*** Begin section ***
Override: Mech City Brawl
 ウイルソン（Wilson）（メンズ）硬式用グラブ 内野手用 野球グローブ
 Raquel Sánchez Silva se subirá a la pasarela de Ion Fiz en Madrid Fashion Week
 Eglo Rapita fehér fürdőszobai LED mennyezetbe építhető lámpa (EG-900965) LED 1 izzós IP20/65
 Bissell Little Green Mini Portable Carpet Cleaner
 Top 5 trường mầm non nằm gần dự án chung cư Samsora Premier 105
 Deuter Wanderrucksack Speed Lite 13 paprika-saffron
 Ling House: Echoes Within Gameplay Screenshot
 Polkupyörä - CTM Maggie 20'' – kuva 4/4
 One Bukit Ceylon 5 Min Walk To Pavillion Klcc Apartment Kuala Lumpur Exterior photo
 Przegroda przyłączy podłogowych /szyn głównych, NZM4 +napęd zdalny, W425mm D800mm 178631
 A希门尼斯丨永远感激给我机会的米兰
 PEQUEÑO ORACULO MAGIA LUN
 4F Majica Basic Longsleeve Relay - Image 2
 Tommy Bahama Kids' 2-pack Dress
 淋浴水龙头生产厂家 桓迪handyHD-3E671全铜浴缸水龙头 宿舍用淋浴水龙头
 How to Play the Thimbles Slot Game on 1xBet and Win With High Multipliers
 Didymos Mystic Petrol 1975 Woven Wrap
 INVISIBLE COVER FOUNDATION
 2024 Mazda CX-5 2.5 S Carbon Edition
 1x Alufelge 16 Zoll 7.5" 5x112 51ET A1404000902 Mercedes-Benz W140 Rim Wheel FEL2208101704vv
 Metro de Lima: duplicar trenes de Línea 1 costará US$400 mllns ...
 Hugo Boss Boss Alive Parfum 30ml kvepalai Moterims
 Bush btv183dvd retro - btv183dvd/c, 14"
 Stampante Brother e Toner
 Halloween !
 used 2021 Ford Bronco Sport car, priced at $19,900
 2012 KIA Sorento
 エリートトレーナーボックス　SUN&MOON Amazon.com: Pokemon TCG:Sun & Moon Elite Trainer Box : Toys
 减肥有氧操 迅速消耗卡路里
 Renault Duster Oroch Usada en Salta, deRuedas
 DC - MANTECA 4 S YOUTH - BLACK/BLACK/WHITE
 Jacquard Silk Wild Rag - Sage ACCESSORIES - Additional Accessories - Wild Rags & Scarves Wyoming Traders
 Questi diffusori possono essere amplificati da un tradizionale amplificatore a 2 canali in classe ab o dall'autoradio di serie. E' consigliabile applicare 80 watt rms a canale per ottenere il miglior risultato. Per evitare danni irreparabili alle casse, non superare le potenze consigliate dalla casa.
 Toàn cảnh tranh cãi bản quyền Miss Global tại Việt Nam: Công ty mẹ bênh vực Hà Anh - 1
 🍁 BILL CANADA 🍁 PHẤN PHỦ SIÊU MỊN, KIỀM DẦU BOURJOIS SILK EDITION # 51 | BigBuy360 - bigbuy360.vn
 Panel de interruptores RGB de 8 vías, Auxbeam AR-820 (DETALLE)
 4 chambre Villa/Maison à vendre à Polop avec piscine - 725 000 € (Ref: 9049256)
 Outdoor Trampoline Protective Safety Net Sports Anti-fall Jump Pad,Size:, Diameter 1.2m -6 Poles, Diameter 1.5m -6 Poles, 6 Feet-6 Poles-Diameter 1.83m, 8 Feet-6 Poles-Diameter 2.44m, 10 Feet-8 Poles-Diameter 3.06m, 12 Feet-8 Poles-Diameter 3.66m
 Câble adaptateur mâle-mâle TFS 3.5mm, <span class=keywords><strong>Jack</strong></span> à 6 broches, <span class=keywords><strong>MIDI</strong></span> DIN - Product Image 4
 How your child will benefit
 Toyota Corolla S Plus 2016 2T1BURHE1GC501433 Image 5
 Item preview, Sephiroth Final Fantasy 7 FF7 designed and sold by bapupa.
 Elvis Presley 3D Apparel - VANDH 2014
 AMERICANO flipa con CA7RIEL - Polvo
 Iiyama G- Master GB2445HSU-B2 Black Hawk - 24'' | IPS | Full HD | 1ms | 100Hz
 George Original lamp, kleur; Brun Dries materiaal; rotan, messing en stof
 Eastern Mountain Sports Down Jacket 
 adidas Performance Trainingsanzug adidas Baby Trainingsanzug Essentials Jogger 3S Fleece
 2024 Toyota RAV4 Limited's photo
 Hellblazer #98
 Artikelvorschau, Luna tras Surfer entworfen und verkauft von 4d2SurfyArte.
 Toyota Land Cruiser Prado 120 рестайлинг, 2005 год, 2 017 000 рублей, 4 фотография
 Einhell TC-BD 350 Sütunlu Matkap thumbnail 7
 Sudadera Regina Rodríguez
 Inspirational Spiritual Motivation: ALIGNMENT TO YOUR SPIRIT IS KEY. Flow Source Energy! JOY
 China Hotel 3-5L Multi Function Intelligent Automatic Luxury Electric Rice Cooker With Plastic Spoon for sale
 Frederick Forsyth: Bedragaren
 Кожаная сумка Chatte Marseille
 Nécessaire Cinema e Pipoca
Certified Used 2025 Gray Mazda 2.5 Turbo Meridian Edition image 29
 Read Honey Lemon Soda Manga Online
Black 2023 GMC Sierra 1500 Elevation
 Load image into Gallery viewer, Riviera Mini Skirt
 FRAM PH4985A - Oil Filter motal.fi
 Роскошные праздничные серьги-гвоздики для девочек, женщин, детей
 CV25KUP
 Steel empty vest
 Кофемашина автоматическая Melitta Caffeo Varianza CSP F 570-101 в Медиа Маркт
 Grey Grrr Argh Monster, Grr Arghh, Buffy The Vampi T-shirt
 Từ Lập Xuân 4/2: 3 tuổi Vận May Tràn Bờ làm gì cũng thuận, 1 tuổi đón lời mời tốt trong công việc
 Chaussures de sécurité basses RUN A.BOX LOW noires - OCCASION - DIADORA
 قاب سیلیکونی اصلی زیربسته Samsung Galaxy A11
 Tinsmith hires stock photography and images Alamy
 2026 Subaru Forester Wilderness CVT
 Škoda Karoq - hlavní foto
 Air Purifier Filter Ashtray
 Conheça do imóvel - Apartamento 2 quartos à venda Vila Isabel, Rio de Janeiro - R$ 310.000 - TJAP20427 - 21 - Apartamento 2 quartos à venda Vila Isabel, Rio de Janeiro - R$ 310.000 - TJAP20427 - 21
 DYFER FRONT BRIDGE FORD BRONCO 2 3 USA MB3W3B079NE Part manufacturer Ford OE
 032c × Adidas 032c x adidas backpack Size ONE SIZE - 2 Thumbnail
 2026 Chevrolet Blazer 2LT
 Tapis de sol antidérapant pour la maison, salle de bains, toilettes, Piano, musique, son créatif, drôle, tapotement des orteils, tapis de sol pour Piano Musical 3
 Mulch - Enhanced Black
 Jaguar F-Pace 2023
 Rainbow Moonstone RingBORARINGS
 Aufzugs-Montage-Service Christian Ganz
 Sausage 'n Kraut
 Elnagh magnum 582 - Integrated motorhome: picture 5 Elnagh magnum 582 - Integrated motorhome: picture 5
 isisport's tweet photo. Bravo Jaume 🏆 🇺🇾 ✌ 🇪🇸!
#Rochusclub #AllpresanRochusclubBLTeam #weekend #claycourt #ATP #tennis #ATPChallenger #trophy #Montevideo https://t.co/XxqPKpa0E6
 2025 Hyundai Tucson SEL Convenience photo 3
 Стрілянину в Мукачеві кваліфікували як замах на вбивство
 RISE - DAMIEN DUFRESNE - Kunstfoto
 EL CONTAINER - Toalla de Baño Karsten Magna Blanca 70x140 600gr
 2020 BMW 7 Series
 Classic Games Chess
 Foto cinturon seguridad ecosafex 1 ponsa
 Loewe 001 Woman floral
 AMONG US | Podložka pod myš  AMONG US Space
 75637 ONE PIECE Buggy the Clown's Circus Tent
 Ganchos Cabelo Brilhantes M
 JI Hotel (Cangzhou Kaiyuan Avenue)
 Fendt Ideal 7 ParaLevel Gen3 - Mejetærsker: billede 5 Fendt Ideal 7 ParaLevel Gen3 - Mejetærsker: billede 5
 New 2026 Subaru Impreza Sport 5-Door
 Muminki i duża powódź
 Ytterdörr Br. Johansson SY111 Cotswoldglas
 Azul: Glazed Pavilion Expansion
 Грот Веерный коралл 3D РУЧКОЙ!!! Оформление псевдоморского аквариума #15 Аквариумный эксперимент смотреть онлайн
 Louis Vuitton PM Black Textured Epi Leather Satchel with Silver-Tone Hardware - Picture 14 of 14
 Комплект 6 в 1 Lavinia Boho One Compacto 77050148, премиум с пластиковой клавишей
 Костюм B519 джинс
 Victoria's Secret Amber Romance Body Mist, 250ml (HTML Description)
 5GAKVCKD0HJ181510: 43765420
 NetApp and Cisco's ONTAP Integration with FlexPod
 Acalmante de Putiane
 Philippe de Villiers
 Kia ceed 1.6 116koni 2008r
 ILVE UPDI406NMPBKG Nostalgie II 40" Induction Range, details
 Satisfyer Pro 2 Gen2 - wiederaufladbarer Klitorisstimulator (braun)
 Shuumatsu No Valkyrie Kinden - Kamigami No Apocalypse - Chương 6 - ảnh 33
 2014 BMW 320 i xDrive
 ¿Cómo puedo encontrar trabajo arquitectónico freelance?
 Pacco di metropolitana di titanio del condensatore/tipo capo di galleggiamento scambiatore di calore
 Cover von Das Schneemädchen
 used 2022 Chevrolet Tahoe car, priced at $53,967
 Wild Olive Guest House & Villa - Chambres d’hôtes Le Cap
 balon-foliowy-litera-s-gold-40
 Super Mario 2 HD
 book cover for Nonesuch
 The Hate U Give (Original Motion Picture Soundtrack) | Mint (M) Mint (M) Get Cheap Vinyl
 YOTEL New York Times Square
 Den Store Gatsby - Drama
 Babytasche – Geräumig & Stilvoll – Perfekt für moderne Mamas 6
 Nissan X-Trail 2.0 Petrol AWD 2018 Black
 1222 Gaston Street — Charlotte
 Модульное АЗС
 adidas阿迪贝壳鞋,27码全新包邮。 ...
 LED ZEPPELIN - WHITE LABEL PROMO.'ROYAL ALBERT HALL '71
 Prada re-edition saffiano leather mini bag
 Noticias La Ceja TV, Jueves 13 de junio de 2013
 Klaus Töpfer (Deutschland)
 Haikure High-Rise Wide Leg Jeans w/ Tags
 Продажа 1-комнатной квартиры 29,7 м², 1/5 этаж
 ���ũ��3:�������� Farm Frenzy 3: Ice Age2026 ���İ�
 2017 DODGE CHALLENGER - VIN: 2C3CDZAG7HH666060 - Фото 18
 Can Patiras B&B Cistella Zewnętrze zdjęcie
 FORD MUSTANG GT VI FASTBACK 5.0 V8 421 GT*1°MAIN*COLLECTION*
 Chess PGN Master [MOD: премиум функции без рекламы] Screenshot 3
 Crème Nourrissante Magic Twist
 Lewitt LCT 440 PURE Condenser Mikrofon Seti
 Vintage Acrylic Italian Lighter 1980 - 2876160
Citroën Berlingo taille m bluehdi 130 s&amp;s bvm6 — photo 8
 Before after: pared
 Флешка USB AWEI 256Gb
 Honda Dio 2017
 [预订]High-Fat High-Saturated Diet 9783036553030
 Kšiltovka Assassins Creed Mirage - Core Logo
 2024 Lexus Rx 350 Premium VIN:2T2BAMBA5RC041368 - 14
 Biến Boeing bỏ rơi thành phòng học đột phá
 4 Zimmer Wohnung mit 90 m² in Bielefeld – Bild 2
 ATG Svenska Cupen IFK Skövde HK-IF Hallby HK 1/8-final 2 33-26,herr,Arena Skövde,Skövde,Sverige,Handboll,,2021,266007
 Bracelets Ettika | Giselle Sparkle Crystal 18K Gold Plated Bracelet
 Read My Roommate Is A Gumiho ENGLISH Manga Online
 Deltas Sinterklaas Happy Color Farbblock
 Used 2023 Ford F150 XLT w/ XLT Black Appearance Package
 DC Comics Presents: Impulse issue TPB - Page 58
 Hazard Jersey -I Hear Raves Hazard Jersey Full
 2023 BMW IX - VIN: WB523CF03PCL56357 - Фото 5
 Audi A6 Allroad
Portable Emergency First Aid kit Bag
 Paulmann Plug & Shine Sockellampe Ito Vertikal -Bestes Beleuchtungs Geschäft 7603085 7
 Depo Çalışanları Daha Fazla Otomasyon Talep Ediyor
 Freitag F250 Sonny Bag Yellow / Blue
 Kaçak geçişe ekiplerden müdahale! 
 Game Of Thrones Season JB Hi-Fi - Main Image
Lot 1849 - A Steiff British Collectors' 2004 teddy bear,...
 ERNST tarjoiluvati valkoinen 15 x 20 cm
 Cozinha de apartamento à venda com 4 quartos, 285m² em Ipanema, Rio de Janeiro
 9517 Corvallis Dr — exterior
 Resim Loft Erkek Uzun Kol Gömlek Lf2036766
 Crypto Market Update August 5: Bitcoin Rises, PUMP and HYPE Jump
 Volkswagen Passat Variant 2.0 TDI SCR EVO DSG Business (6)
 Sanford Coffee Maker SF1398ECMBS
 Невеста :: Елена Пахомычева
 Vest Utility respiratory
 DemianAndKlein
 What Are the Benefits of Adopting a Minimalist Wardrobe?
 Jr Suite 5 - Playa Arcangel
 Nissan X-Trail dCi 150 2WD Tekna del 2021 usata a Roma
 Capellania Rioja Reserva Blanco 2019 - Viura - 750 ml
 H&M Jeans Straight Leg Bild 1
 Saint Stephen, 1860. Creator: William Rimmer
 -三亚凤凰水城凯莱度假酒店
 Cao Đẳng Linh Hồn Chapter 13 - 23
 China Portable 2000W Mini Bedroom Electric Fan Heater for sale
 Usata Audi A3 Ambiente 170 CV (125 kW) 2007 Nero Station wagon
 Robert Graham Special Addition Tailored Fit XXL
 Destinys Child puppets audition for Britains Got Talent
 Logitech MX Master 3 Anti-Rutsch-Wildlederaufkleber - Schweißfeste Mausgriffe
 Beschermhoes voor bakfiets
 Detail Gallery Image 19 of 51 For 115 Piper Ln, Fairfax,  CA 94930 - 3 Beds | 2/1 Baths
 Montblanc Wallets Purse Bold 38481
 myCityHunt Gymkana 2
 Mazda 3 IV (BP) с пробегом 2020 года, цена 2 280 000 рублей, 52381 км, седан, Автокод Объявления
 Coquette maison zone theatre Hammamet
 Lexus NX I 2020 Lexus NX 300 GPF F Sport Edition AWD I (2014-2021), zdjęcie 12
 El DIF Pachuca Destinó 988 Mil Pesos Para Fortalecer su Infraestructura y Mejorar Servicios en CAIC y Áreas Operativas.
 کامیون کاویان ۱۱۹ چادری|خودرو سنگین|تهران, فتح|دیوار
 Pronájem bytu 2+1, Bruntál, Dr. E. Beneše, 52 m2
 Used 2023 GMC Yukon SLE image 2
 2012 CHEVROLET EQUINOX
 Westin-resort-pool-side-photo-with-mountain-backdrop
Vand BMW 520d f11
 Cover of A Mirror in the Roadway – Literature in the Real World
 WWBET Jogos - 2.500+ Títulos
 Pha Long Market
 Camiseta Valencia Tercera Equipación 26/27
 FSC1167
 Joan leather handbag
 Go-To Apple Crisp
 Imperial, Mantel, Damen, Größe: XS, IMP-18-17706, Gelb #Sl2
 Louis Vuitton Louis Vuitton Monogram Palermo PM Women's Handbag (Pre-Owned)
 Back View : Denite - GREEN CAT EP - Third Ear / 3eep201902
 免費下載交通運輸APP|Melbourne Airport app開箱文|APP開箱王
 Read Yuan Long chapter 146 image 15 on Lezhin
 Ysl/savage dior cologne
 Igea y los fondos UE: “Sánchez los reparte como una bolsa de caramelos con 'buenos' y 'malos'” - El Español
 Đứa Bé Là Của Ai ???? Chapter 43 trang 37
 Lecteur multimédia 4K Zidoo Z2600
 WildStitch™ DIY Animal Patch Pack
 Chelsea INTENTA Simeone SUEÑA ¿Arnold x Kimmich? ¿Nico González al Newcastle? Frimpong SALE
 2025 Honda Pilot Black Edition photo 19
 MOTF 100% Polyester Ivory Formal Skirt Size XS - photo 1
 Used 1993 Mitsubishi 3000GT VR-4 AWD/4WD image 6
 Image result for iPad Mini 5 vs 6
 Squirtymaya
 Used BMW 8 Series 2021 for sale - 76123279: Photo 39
*** End section ***
• [Your objective]: Set down the lines of the records exactly, from the first one through the line containing "Polkupyörä - CTM Maggie 20'' – kuva 4/4", and add nothing else.

• [Solution to this problem]:
Override: Mech City Brawl
 ウイルソン（Wilson）（メンズ）硬式用グラブ 内野手用 野球グローブ
 Raquel Sánchez Silva se subirá a la pasarela de Ion Fiz en Madrid Fashion Week
 Eglo Rapita fehér fürdőszobai LED mennyezetbe építhető lámpa (EG-900965) LED 1 izzós IP20/65
 Bissell Little Green Mini Portable Carpet Cleaner
 Top 5 trường mầm non nằm gần dự án chung cư Samsora Premier 105
 Deuter Wanderrucksack Speed Lite 13 paprika-saffron
 Ling House: Echoes Within Gameplay Screenshot
 Polkupyörä - CTM Maggie 20'' – kuva 4/4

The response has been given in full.